Dans le
secteur du bâtiment, la qualité architecturale est généralement perçue comme
l’apanage de l’architecte. Comment ignorer, pourtant, que le maître d’ouvrage —
public ou privé — joue un rôle prépondérant, voire déterminant, dans le bon ou
le mauvais agencement architectural d’un projet à travers ses choix, son
arbitrage technique, économique et esthétique ?
La qualité
architecturale débute dans le cahier des charges.
Dès l’origine
d’un projet, la maîtrise d’ouvrage se doit de fixer des ambitions. Le programme
fonctionnel, le degré d’exigence esthétique, les enjeux budgétaires, les
délais, les conditions d’exploitation sont autant de paramètres, préalablement
définis, qui freinent ou libèrent l’éventuelle ressource architecturale.
Un programme
mal rédigé, flou ou incohérent peut nuire à l’intelligibilité du projet et
affaiblir sa qualité. À l’inverse, une maîtrise d’ouvrage visionnaire, dotée
d’une culture architecturale solide, peut stimuler la créativité des
concepteurs et permettre l’émergence de réalisations remarquables.
L’architecte,
un conseiller au service d’une vision.
Dans le cas où
l’architecte traduit techniquement les souhaits du maître d’ouvrage, il ne peut
se soustraire aux choix fixés par ce dernier. L’architecte est plutôt un
interprète qu’un auteur libre. Il est tenu par un contrat de mission, avec des
obligations de moyens et un devoir de conseil.
Toutefois,
lorsque la maîtrise d’ouvrage impose des solutions techniques ou des économies
financières qui ne seraient pas conformes à la qualité du projet architectural,
l’architecte voit sa liberté fortement contrainte. Nombre de projets banals,
standardisés ou appauvris esthétiquement sont la conséquence d’une maîtrise
d’ouvrage trop peu exigeante ou purement gestionnaire.

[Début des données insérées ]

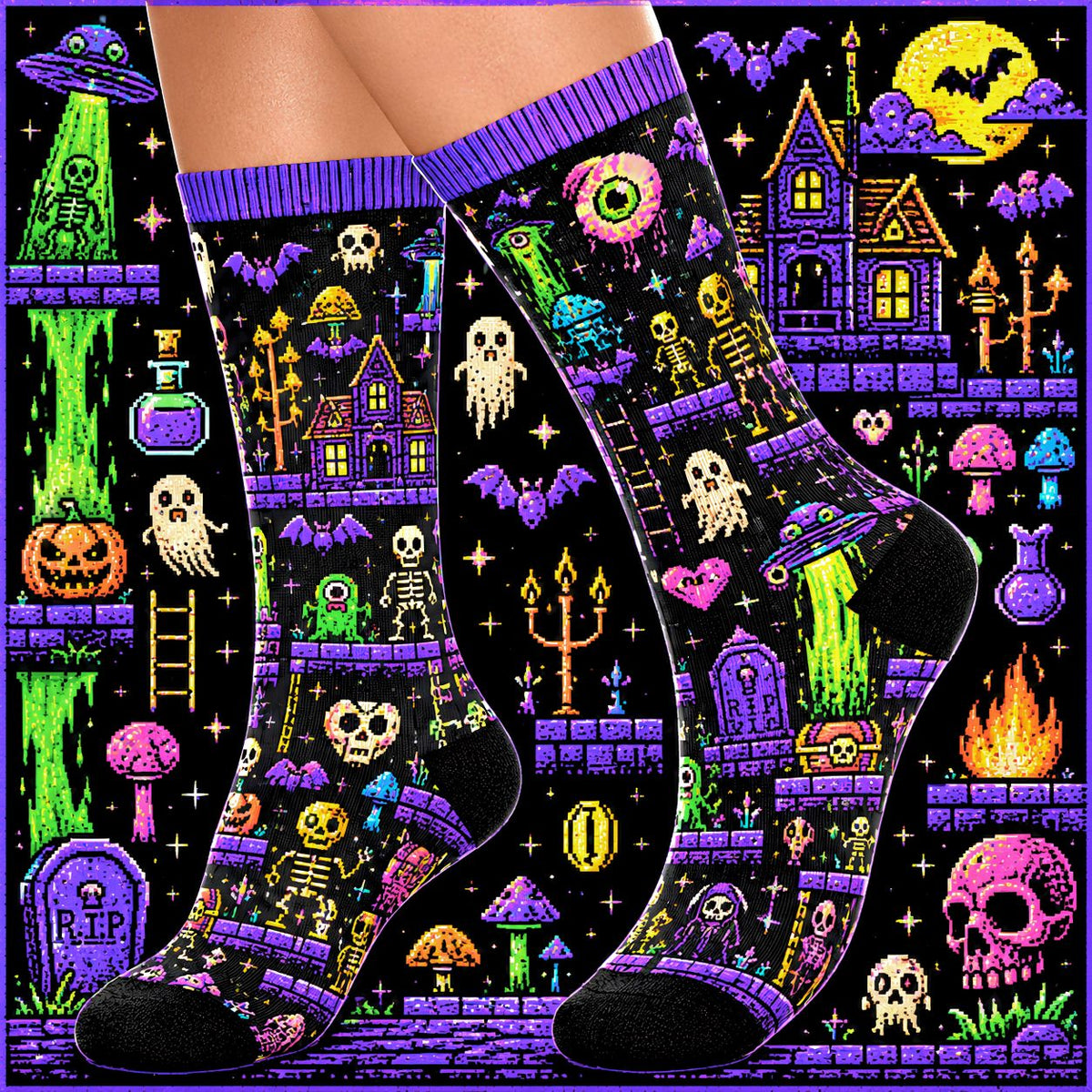 8-Bit Halloween Crew Socks | Retro Pixel Art Spooky Socks | Ghost Skeleton Haunted House UFO Gamer Socks | Neon Gothic Cushion Crew Socks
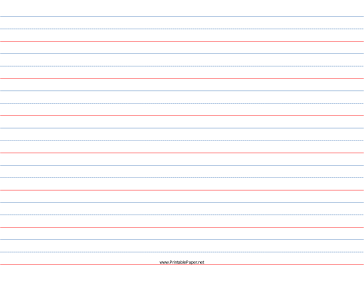 3/4 Rule, 3/8 Dotted, 3/8 Skip Handwriting Paper in Landscape Orientation Paper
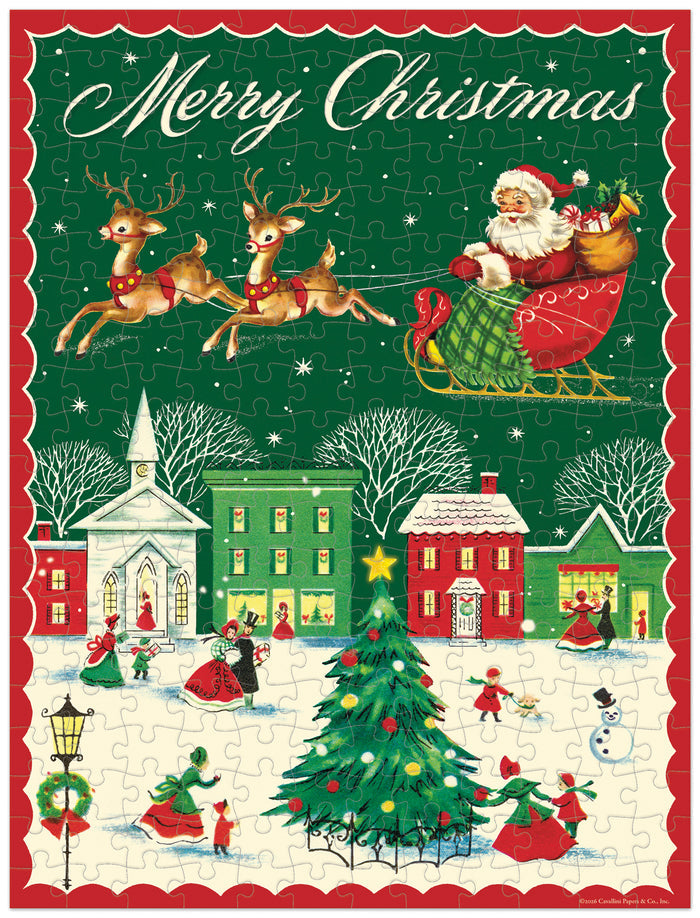 Cavallini & Co. Christmas 240 Piece Mini Puzzle- finished puzzle image of Santa in his sleigh with reindeer flying over housetops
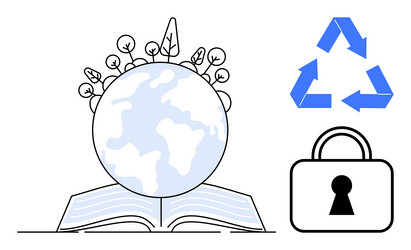planet earth emerging from an open book vector image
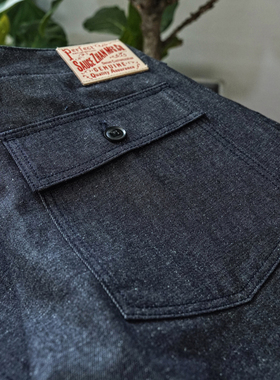 沾酱OG107短裤夏季10盎司棉麻牛仔裤男 原牛宽松赤耳养牛工装咔叽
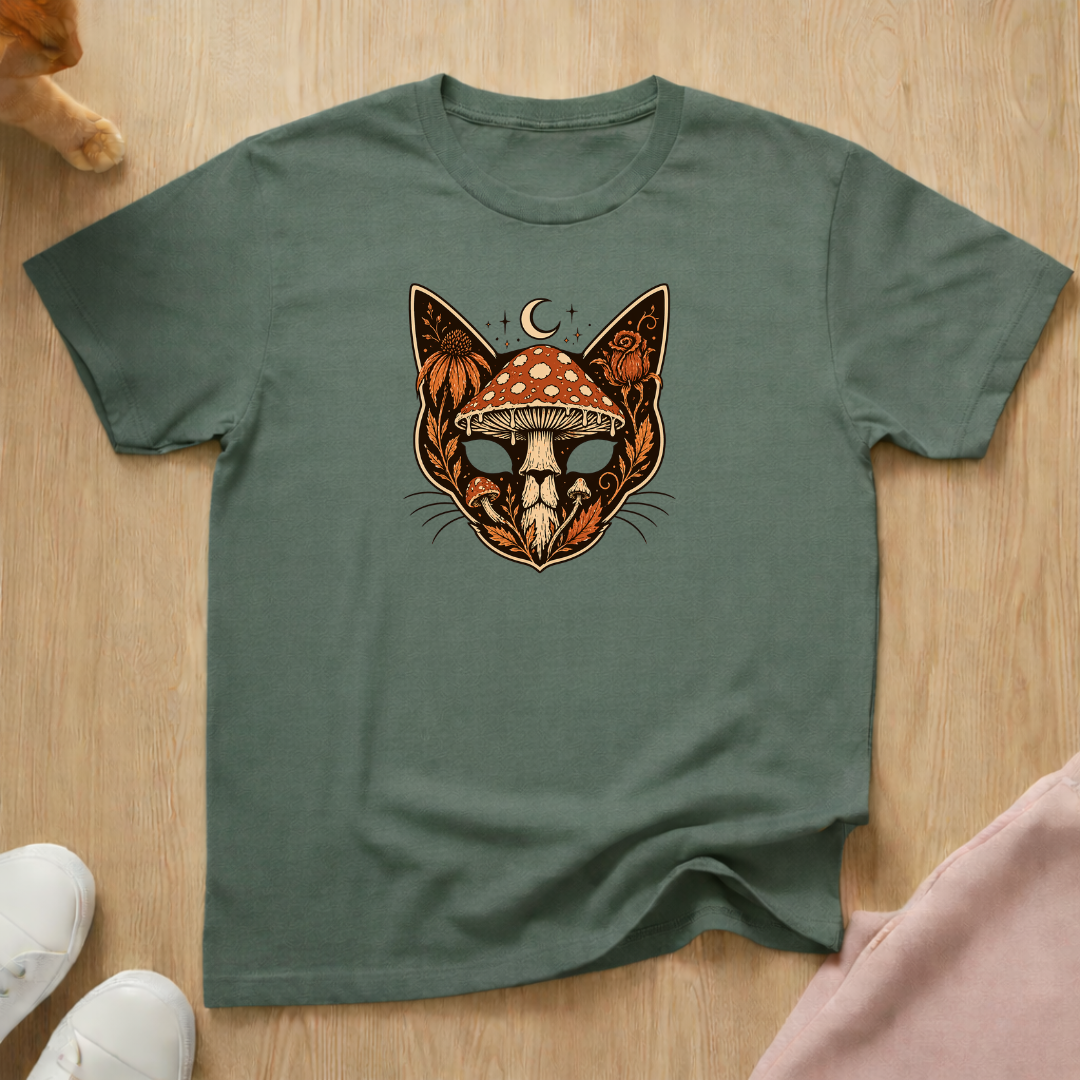 Autumn mushroom cat T-shirt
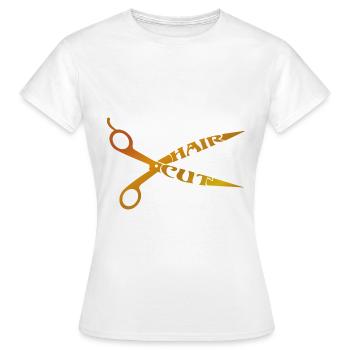 Haarschnitt - Frauen T-Shirt - Weiß - Vorne - AI Model Female 172 dark (172cm)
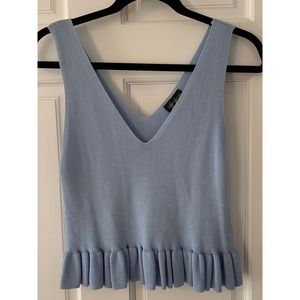 Topshop Cropped Light Blue Ruffle Tank US size 10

Un partage de responsabilités … déséquilibré ?
D’un point de
vue juridique, l’architecte engage sa responsabilité décennale en cas de
désordres de type structurel. La maîtrise d’ouvrage, pour sa part, n’est
presque jamais mise en cause, sauf en cas de faute grave ou d’ingérence avérée.
Pourtant, dans la réalité, beaucoup
d’échecs architecturaux relèvent de la responsabilité :
·
D’appels d’offres mal pensés ;
·
D’arbitrages au détriment de la
qualité (qui commence dans les jurys) ;
·
Ou d’un manque de dialogue
entre décideurs et concepteurs.
Que faire
alors lorsque "la commande publique souffre d’un manque de clarté dans les
programmes et d’un désengagement vers la qualité, au profit d’une logique
purement comptable" ?
Une
commande éclairée, moteur de qualité
La qualité
architecturale ne se décrète pas : elle se construit dès l’intention initiale.
Elle suppose une "maîtrise d’ouvrage instruite, exigeante et
engagée", capable de penser le projet dans sa globalité, et non comme un
simple empilement de mètres carrés.
À l’heure où les défis climatiques,
sociaux et urbains exigent des réponses fortes, le rôle de la maîtrise
d’ouvrage est plus crucial que jamais.
Former les maîtres d’œuvre, c’est bien ; mais il faut aussi "former les maîtres d’ouvrage", renforcer leur culture architecturale, parce que "la commande publique doit elle aussi être de qualité".